The first part, "Sailing To the Future," opens with Elric fleeing the "city of Ryfel in the land of Pikarayd" where he was wrongly accused of being a "Melnibéan spy." After being rescued and hired onto a galleon of country-mixed mercenaries, he and his shipmates, utilizing wit and steel, battle the bejeweled brother-sister beast-wizards Agak-Gagak in their island temple. 

In the second part, "Sailing To the Present," Elric is no longer on the Dark Ship with its mixed-hireling swords (and its blind, wise "Captain").

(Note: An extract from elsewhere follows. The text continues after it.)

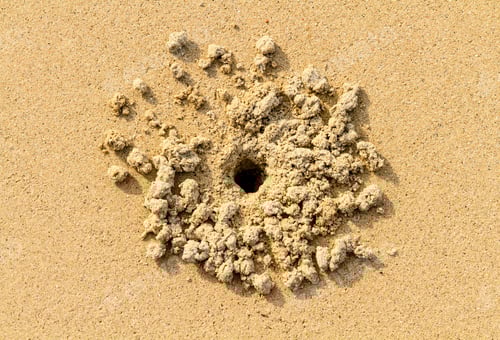 Preview: Crab's burrow in the sand leaving small piles formed by digging. Natural background of sandy beach.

Elric now travels with the amiable and battle-ready Smiorgan Baldhead, "once a sea-lord of the Purple Towns." While pillaging a coast-wrecked ship, the Count and the albino emperor uncover a half-Melnibéan, half-human woman (Vasslis of Jharkor) who is fleeing a deluded ancient Melnibéan earl, the legendary Saxif D'Aan, who believes Vasslis to be his storied "stolen" lover ("Graytesha, Princess of Fwem-Omeyo"). Included in this supernatural plot-stew is Prince Carolak, an also-legendary ghost-being, a royal whom the real Graytesha loved while she lived.

Having taken on Vasslis' protection as their cause, Baldhead and Elric engage in a (reluctant, on their part) galleon battle with D'Aan, near the red-lit, ship-crushing Crimson Gate -- a portal that can take Baldhead and Elric back to their realm-world, away from the Unmapped Kingdom.

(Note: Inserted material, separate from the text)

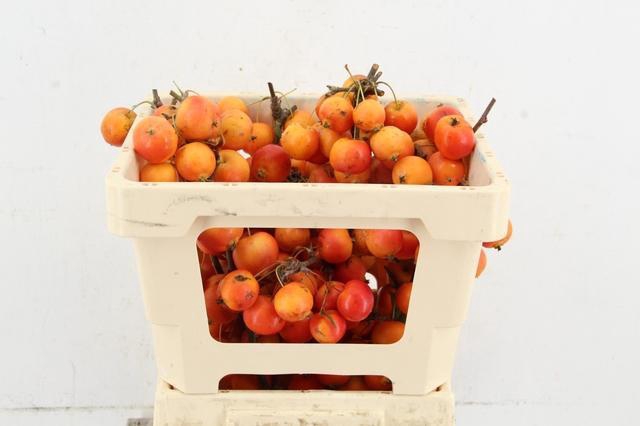 <h4>MALUS GARFIELD PER STEM</h4>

This part ends on a semi-cliffhanger note, leading into "Sailing To the Past," where . .

. . . rescued by "Avan Astran of Old Hrolmar" -- a duke, "an adventurer -- explorer -- trader" -- Elric and Baldhead join Astran in his cross-the-Young-Kingdom quest to find R'lin K'ren A'a, the mythical jungle city from which Elric's ancestors first came. Along the way, on a river near their destination, they are attacked by the Olab, "club-wielding. . . essentially [hissing] reptilian [beings] but with feathery crests and neck wattles, though their faces were almost human. . . Their forelegs were like the arms and hands of men, but their hindlegs were incredibly long and storklike."

Once in R'lin K'ren A'a, they encounter the ten-thousand-year-old Creature Doomed to Live (who may or may not be the naked, possibly-leprous J'osui C'reln Reyr), as well as the Jade Man, a stories-tall statue who guards "the place where the High Ones [the Melnibéans] meet."


Like its source novel, Elric Melniboné, the adventures in Sailor  are word-lean, with their effectively-sketched and -built-upon characters, their surrealistic and distinctive supernatural elements and beings and their epic tone. What sets Sailor apart from Elric (besides its section-fractured tales) is that the pale emperor's travels are increasingly colored by his deal with his patron demon Arioch (whose curious links to the Jade Man deepen the backstory) and the fact that Elric is learning more about the personality of his soul-stealing sword, Stormbringer.

This is an excellent, hard-to-put down read, one worth owning. Followed by The Weird of the White Wolf.